◆ **What to do**
Lines from the line with "This is useful" to the line with "Ready to turn" in the entries below, and only those, must be output exactly, with both ends included.

◆ **Records**
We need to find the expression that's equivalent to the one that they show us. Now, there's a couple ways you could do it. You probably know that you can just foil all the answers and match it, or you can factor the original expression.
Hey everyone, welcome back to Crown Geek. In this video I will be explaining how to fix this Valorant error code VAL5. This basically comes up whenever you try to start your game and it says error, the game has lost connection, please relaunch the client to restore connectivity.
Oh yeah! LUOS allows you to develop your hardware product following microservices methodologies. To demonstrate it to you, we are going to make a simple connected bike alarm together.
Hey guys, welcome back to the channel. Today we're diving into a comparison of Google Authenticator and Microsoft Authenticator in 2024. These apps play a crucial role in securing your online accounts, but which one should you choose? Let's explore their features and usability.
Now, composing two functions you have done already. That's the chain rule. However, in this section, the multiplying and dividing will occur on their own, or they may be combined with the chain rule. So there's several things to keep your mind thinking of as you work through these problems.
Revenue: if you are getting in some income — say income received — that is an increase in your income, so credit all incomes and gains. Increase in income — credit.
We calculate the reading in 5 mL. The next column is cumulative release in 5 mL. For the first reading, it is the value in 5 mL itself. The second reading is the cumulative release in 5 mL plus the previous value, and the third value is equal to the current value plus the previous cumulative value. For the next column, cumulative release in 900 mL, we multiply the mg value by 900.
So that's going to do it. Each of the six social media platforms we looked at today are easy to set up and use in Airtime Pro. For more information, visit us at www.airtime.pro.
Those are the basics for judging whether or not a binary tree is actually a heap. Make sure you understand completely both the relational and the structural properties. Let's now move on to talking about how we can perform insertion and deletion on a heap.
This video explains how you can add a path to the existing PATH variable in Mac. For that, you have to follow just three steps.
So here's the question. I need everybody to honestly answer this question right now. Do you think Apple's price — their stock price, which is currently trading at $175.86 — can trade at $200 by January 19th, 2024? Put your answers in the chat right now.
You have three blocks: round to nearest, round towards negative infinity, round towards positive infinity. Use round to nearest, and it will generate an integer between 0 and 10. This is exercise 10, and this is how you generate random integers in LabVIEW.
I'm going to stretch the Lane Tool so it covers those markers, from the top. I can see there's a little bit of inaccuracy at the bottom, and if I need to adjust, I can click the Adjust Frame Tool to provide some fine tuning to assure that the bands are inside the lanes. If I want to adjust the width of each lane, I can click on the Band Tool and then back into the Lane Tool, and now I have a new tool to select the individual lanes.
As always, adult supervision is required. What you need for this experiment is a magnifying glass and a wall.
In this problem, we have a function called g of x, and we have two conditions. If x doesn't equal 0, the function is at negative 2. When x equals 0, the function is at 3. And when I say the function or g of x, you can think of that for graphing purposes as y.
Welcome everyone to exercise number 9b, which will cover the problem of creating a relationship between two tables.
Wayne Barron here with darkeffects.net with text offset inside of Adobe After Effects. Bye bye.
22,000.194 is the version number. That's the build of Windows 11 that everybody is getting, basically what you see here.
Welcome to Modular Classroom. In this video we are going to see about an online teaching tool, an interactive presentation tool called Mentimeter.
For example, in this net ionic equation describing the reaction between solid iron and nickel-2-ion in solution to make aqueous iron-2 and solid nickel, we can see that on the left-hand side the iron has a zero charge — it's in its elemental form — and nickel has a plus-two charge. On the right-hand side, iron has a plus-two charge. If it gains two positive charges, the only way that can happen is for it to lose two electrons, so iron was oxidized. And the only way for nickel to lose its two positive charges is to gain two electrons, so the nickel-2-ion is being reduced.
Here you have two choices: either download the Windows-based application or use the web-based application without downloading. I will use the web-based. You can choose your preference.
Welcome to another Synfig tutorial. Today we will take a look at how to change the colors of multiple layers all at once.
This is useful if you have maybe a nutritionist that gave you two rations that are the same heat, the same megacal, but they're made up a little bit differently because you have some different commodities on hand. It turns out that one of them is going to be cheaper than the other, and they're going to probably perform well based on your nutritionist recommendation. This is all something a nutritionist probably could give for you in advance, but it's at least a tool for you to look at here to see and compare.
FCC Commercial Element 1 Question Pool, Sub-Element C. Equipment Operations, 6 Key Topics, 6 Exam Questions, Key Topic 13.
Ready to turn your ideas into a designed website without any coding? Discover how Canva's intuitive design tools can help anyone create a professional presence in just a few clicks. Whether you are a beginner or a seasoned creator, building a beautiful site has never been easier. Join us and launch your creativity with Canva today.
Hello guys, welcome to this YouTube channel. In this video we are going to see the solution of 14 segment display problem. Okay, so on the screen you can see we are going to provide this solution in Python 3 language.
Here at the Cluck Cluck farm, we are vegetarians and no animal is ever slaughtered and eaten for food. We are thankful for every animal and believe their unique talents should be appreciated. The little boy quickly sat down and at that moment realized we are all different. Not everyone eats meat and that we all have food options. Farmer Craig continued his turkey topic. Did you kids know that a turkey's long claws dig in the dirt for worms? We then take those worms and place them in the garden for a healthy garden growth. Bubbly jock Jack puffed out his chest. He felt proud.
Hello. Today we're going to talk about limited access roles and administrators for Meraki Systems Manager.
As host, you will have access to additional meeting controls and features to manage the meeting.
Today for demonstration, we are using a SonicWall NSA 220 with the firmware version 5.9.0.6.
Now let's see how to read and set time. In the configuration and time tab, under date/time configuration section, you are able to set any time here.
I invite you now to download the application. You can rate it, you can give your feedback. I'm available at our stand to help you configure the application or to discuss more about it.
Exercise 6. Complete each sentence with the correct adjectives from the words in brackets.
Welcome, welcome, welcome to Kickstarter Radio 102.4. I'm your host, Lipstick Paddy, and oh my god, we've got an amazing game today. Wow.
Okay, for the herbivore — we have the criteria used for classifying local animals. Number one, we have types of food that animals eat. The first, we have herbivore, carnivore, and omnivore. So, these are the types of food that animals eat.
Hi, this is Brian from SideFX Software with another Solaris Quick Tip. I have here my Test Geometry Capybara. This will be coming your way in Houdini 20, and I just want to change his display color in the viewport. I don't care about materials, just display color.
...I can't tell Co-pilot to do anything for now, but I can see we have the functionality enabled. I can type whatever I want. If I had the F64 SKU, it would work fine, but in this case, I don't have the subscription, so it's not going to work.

◆ **Answer space**
This is useful if you have maybe a nutritionist that gave you two rations that are the same heat, the same megacal, but they're made up a little bit differently because you have some different commodities on hand. It turns out that one of them is going to be cheaper than the other, and they're going to probably perform well based on your nutritionist recommendation. This is all something a nutritionist probably could give for you in advance, but it's at least a tool for you to look at here to see and compare.
FCC Commercial Element 1 Question Pool, Sub-Element C. Equipment Operations, 6 Key Topics, 6 Exam Questions, Key Topic 13.
Ready to turn your ideas into a designed website without any coding? Discover how Canva's intuitive design tools can help anyone create a professional presence in just a few clicks. Whether you are a beginner or a seasoned creator, building a beautiful site has never been easier. Join us and launch your creativity with Canva today.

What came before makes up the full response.